You can do all work on the data without using placeholders by constructing the entire query by hand:


# don't do this!
query = "SELECT * from books where author_id = " + user_input_author

In addition to being inefficient, this leaves you open to SQL injection attack. The placeholder mechanism will do the proper quoting and escaping to prevent abuse

See examples/SQL/placeholders.py and examples/SQL/litte_bobby_tables.py

A Cursor - attributes

These attributes of Cursor can help you learn about the results of operations:

.rowcount - Tells how many rows have been returned or affected by the last operation. The number will be -1 if no operation has been performed.
.description Returns a sequence of 7-item sequences describing each of the columns in the result row(s) returned (None if no operation has been performed):
- name
- type_code (mandatory in the spec, but is not returned by sqlite3)
- display_size (optional)
- internal_size (optional)
- precision (optional)
- scale (optional)
- null_ok (optional)

A Cursor - results

These methods are the way to get results after an operation:

.fetchone() - Returns the next row from a result set, and None when none remain.
.fetchmany([size=cursor.arraysize]) - Returns a sequence of size rows (or fewer) from a result set. An empty sequence is returned when no rows remain. Defaults to arraysize
.fetchall() - Returns all (remaining) rows from a result set. This behavior may be affected by arraysize.
iterator context - Cursor supports the iterator protocol

>>> cursor.execute('SELECT * FROM stocks ORDER BY price')
>>> for row in cursor:
        print row

(u'2006-01-05', u'BUY', u'RHAT', 100, 35.14)
(u'2006-03-28', u'BUY', u'IBM', 1000, 45.0)
(u'2006-04-06', u'SELL', u'IBM', 500, 53.0)
(u'2006-04-05', u'BUY', u'MSFT', 1000, 72.0)
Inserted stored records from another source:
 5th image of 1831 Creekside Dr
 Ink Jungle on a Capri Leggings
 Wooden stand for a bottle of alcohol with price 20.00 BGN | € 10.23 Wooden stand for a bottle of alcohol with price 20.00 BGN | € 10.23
Note that each of these methods will raise a DB API Error if no operation has been performed (or if no result set was produced)

Data Types in DB API

Binary(string) - constructs an object to hold long binary string data
STRING - a type to describe columns that hold string values (CHAR)
BINARY - a type to describe long binary columns (BLOB, RAW)
NUMBER - a type to describe numeric columns
DATETIME - a type to describe date/time/datetime columns
ROWID - a type to describe the Row ID column in a database

SQL NULL values are represented by Python's None

However, sqlite3 has a 'more general dynamic type system' and does not implement these.
psycopg2 does.

Date Constructors

The DB-API provides types and constructors for data:

Date(year, month, day) - constructs an object holding a date value
Time(hour, min, sec) - constructs an object holding a time value
Timestamp(y, m, d, h, min, s) - constructs an object holding a timestamp

Each of the above has a corresponding *FromTicks(ticks) method which returns the same type given a single integer argument (seconds since the epoch)

Exceptions

The DB API specification requires implementations to create the following hierarchy of custom Exception classes:

StandardError
|__Warning
|__Error
   |__InterfaceError (a problem with the db api)
   |__DatabaseError (a problem with the database)
      |__DataError (bad data, values out of range, etc.)
      |__OperationalError (the db has an issue out of our control)
      |__IntegrityError
      |__InternalError
      |__ProgrammingError (something wrong with the operation)
      |__NotSupportedError (the operation is not supported)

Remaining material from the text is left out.